With the county’s biggest financial issues still looming in the budget process, the items that brought the most discussion in the first budget hearing were employee raises.

Thursday night was more of the same.

Several more department heads, including the assessor, recorder, treasurer and auditor, appeared before the council asking for either small increases in certain salaries or a restructuring of their staff.

The council stayed consistent in informing them all that all raises will have to wait until the end of the budget process as their budgets were approved without the increases.

Even though most of the requested increases were for deputy chiefs that are underpaid compared to their peers in surrounding counties, the council doesn’t want to make any promises until it knows for sure where the county will be financially when the 2012 budget process is complete.

Because of the huge number of raise requests, the council discussed adding an entire meeting to the schedule devoted solely to raises. The members agreed that adding another hearing before the final reading or moving the final reading back a week would probably be the best course of action, but no official decision was made.

“It’s clear to anybody that follows county government that most of these people deserve raises and it would be a shame if we aren’t able to do that,” councilman Jim Biggs said. “But there are issues that are out of the council’s control.”

The two biggest obstacles in granting raises for county employees are the soaring price of health care and how to fund the E911 program that will be operating at over a $2 million deficit next year.

The health care has been a frequent topic of discussion at these meetings as the costs for all departments are soaring and there is no end to that in sight.

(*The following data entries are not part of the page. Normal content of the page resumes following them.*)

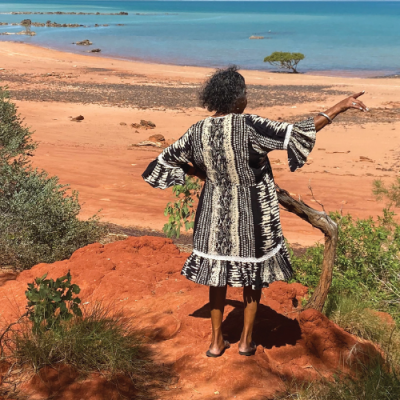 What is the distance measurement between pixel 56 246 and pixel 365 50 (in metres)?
42.3

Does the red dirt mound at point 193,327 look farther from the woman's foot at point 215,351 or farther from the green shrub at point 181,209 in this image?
the green shrub at point 181,209

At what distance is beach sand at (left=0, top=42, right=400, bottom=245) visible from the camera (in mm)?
8766

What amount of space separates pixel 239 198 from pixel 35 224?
2877mm

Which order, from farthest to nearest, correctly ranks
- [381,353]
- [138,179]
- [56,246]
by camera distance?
[138,179] < [56,246] < [381,353]

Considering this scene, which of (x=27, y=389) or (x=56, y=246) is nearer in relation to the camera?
(x=27, y=389)

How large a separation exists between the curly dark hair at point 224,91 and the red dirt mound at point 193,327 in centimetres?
149

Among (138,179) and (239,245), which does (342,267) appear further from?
(138,179)

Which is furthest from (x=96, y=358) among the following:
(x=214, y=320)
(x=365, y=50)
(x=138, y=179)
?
(x=365, y=50)

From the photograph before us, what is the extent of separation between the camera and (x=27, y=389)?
2852mm

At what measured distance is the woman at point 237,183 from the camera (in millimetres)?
2828

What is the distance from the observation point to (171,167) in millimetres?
3160

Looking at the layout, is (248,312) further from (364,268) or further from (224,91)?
(364,268)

Council president Dan Whitten has already requested that the county bring in an independent actuary to assess the county’s health program.

“This program was brought in a few years ago to promote healthier employees, but it’s clearly not working and we need to determine why,” Biggs said. “It might be an aging workforce. It might just be a one year thing and things will settle down next year; maybe these things run in waves.

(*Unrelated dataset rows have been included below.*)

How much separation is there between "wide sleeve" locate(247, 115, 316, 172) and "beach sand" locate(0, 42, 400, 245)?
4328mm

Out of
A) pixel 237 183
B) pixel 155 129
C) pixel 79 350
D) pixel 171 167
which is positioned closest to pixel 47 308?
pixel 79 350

“I don’t think anybody can answer that right now. Certainly, what we are spending would give the impression that we need to look into this because it’s close to being out of hand and it’s affecting everything else.”

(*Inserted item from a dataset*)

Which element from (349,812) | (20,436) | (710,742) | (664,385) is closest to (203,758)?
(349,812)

Auditor fund narrowly approved

The only split vote of the evening came regarding a $250,000 non-recurring fund for the auditor’s office. The fund, which passed by a 4-3 vote, will provide money to integrate the offices of the assessor, auditor, treasurer and recorder. Auditor Bob Wichlinski said computer software will be used so that documents will no longer need to be run from office to office in the county building by the public or by the offices. Instead a database will make all of the information from each office available to all of them.

“It’s going to make it one-stop shopping,” Wichlinski said.

The money for this fund came from the special fund created for collecting back-taxes owed to the county due to underpayment or mis-reporting by homestead owners. That fund has grown to almost $1 million in just this year.

Biggs supported the fund citing the vast improvements that have been made in the county’s tax collection system in the past year.

“I have no reason to doubt you guys,” he said. “I want you to continue to straighten out what was a huge problem and I will continue to support you as long as you continue to deliver.”

Whitten, Jeremy Rivas and Sylvia Graham all voted against the fund. Graham voted against the fund because she is concerned that the council will not be able to use the funds that are being generated.

In other news, two of the recorder office’s four positions that had been funded by the perpetuation fund were moved back to the general fund. The four positions had been moved back when the Bethlehem Steel bankruptcy was still affecting the county to relieve some of the budget issues. The council decided it was time to move the two positions back where they are supposed to be and will consider moving the other two back next year.